With the material below, print exactly the lines between the line holding "GG Jacket Monogram Stripe Track" and the line holding "BURTLE Stretch Parka", inclusive. Add nothing else.

####################

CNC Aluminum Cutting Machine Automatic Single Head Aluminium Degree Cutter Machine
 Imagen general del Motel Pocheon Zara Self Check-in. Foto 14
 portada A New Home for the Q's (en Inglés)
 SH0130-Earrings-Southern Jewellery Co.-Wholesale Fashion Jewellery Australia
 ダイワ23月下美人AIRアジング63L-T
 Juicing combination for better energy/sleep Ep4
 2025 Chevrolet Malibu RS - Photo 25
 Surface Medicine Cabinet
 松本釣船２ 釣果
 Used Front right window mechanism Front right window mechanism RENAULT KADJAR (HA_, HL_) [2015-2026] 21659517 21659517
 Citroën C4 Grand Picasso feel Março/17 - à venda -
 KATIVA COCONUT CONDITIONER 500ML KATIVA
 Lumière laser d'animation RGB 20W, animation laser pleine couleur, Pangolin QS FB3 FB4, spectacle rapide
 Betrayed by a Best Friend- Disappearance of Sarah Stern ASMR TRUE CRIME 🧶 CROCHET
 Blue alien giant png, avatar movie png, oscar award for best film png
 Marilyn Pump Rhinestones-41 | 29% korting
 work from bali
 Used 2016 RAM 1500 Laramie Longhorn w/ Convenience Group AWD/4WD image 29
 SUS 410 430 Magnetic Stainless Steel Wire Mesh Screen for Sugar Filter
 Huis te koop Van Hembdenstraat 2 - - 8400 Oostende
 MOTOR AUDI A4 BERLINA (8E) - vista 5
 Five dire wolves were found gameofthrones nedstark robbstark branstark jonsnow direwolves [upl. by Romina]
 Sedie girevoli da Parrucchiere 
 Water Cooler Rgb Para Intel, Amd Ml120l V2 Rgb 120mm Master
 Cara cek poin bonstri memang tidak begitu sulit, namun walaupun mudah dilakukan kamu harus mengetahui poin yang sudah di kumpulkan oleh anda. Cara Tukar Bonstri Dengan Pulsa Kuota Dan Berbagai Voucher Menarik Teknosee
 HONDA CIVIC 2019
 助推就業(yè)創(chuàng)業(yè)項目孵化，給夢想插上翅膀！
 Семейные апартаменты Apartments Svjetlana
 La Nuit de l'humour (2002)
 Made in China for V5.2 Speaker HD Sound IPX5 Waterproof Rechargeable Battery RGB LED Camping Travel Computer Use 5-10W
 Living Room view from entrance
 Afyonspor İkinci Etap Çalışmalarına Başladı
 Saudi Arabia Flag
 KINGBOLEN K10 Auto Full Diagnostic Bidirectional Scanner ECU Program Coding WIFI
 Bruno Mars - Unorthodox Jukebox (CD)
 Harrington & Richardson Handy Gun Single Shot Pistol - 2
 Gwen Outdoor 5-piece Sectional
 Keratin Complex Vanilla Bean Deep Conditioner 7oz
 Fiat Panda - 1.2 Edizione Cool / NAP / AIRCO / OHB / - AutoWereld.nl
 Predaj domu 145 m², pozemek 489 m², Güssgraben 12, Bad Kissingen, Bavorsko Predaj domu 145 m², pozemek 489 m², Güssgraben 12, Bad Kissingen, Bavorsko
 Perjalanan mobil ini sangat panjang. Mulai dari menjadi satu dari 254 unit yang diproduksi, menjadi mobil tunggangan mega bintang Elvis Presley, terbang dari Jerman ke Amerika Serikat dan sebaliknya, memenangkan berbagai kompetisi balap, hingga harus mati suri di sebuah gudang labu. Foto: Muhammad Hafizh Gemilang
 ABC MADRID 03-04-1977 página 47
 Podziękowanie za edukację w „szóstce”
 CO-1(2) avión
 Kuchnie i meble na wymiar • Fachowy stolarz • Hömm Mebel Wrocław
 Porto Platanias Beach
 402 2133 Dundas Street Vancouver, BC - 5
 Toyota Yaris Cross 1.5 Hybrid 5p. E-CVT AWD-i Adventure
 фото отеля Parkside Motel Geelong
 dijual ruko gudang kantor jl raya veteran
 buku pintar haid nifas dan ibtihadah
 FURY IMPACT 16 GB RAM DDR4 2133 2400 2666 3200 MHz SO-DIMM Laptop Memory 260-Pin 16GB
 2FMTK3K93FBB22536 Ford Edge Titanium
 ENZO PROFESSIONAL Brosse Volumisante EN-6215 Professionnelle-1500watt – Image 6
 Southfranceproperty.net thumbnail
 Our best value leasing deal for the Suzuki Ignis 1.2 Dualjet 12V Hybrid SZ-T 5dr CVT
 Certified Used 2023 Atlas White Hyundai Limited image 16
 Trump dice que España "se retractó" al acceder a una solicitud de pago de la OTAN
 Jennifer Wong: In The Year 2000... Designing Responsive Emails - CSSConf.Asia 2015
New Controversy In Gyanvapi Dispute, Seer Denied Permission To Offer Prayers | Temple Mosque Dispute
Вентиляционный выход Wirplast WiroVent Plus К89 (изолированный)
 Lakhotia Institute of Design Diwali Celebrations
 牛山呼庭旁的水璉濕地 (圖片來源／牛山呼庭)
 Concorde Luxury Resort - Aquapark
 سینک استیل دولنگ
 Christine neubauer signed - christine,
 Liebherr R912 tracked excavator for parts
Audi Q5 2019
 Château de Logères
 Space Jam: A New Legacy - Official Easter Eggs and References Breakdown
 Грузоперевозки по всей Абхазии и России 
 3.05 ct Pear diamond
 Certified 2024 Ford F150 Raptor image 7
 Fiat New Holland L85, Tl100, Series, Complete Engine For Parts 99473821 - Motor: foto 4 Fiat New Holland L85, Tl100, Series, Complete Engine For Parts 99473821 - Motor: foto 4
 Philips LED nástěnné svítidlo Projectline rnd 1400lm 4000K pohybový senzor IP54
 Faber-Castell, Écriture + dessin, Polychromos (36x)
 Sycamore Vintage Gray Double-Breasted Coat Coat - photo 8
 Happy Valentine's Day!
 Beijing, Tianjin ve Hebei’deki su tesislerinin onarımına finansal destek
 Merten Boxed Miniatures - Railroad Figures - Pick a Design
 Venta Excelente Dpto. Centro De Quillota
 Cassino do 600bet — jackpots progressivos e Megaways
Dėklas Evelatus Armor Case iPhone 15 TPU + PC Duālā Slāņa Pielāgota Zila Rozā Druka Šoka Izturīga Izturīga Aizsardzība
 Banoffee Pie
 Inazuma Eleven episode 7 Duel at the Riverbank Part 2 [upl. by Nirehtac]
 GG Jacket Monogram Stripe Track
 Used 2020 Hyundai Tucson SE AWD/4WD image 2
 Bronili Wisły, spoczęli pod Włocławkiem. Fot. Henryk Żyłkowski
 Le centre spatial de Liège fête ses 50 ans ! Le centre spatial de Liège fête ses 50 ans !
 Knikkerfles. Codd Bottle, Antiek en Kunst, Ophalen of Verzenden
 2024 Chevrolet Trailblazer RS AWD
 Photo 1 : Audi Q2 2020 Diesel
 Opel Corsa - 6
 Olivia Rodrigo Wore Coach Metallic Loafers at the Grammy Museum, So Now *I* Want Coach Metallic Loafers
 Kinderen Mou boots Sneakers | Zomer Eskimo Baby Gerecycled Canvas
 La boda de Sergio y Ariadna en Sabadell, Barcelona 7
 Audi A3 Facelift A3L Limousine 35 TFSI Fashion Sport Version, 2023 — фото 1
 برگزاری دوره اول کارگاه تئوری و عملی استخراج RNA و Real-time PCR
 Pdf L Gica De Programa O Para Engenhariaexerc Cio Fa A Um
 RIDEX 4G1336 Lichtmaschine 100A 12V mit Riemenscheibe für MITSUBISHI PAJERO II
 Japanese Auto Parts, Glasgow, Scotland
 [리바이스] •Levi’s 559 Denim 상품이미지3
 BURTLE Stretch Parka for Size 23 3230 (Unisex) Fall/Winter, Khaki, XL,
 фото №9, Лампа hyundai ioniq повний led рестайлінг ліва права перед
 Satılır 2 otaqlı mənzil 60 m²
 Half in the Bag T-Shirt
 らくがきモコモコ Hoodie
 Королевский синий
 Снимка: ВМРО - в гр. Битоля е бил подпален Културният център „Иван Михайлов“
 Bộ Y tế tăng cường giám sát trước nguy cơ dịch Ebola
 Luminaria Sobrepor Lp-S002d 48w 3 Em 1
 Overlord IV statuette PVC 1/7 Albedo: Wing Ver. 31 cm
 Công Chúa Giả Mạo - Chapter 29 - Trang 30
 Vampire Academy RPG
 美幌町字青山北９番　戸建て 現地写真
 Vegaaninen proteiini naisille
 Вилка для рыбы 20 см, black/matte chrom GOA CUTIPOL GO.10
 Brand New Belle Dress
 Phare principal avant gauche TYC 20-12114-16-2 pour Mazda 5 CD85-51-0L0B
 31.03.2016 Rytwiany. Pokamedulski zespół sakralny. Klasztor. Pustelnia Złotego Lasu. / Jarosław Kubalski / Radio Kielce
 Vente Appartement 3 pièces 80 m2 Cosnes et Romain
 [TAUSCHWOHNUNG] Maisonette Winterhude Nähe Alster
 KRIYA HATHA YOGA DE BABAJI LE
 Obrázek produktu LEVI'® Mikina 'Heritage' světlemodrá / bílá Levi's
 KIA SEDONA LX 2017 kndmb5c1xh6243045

####################

_YOUR SOLUTION_
 GG Jacket Monogram Stripe Track
 Used 2020 Hyundai Tucson SE AWD/4WD image 2
 Bronili Wisły, spoczęli pod Włocławkiem. Fot. Henryk Żyłkowski
 Le centre spatial de Liège fête ses 50 ans ! Le centre spatial de Liège fête ses 50 ans !
 Knikkerfles. Codd Bottle, Antiek en Kunst, Ophalen of Verzenden
 2024 Chevrolet Trailblazer RS AWD
 Photo 1 : Audi Q2 2020 Diesel
 Opel Corsa - 6
 Olivia Rodrigo Wore Coach Metallic Loafers at the Grammy Museum, So Now *I* Want Coach Metallic Loafers
 Kinderen Mou boots Sneakers | Zomer Eskimo Baby Gerecycled Canvas
 La boda de Sergio y Ariadna en Sabadell, Barcelona 7
 Audi A3 Facelift A3L Limousine 35 TFSI Fashion Sport Version, 2023 — фото 1
 برگزاری دوره اول کارگاه تئوری و عملی استخراج RNA و Real-time PCR
 Pdf L Gica De Programa O Para Engenhariaexerc Cio Fa A Um
 RIDEX 4G1336 Lichtmaschine 100A 12V mit Riemenscheibe für MITSUBISHI PAJERO II
 Japanese Auto Parts, Glasgow, Scotland
 [리바이스] •Levi’s 559 Denim 상품이미지3
 BURTLE Stretch Parka for Size 23 3230 (Unisex) Fall/Winter, Khaki, XL,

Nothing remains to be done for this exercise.